## DIRECTIONS FOR THIS TASK
Find the line with "Chemical Peel For Melasma" in the entries below, then output every line from it down to the line with "Corrective / Revision Rhinoplasty", exactly and with no pictures.

## DATA PROVIDED

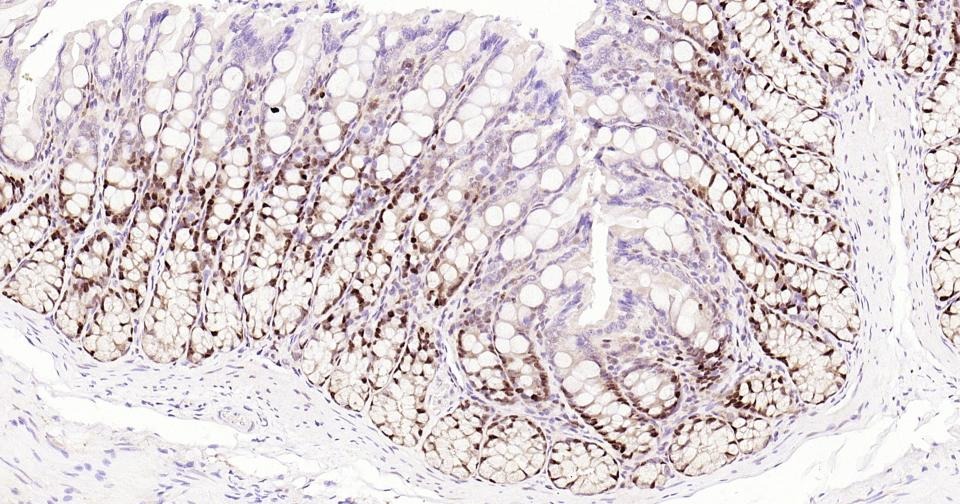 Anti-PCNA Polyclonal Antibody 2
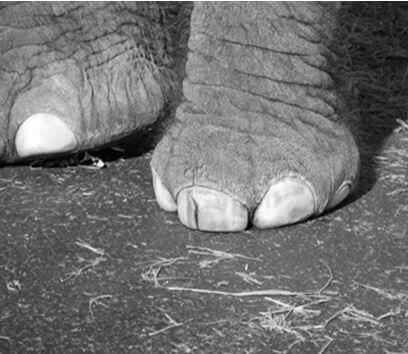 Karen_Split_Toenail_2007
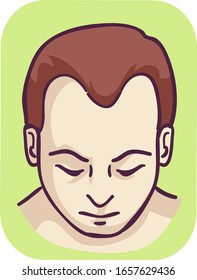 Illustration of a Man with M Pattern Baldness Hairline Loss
--
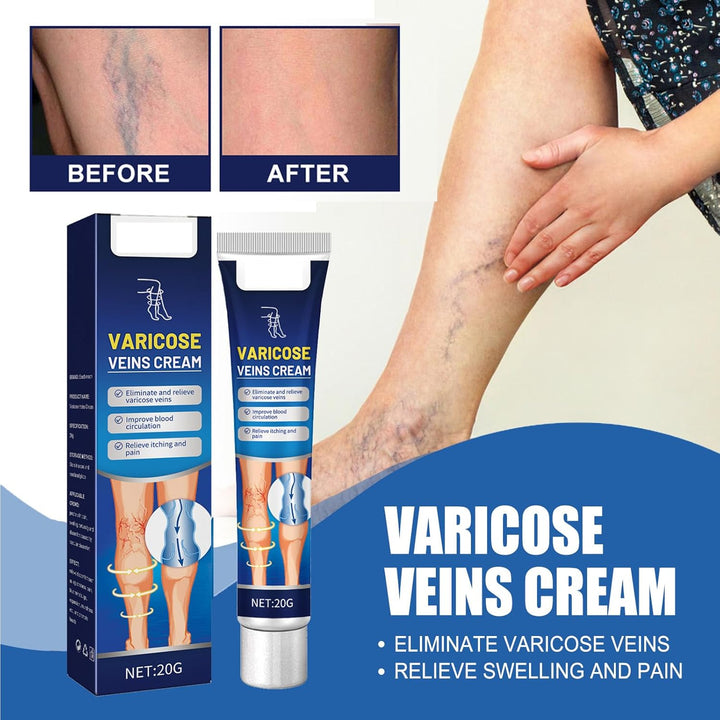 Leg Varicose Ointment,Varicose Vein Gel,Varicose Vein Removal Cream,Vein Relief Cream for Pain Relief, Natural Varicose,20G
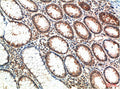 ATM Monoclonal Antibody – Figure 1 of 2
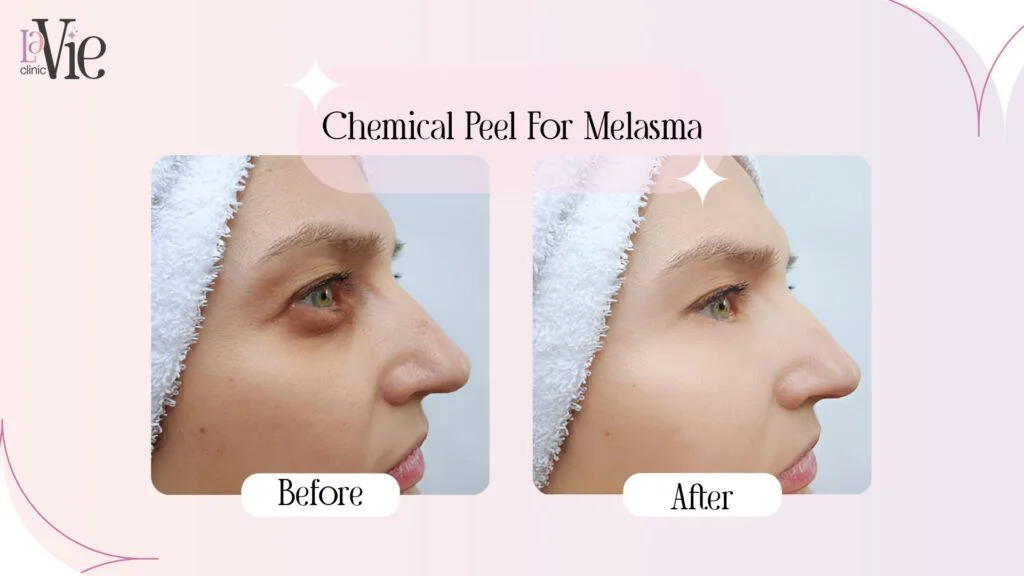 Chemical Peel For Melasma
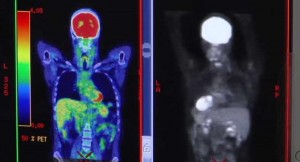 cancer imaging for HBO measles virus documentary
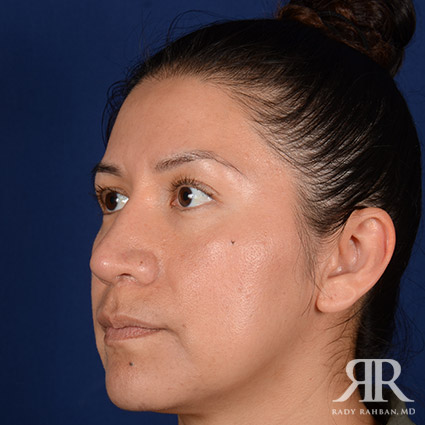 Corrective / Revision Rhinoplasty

## EXERCISE RESPONSE
 Chemical Peel For Melasma
 cancer imaging for HBO measles virus documentary
 Corrective / Revision Rhinoplasty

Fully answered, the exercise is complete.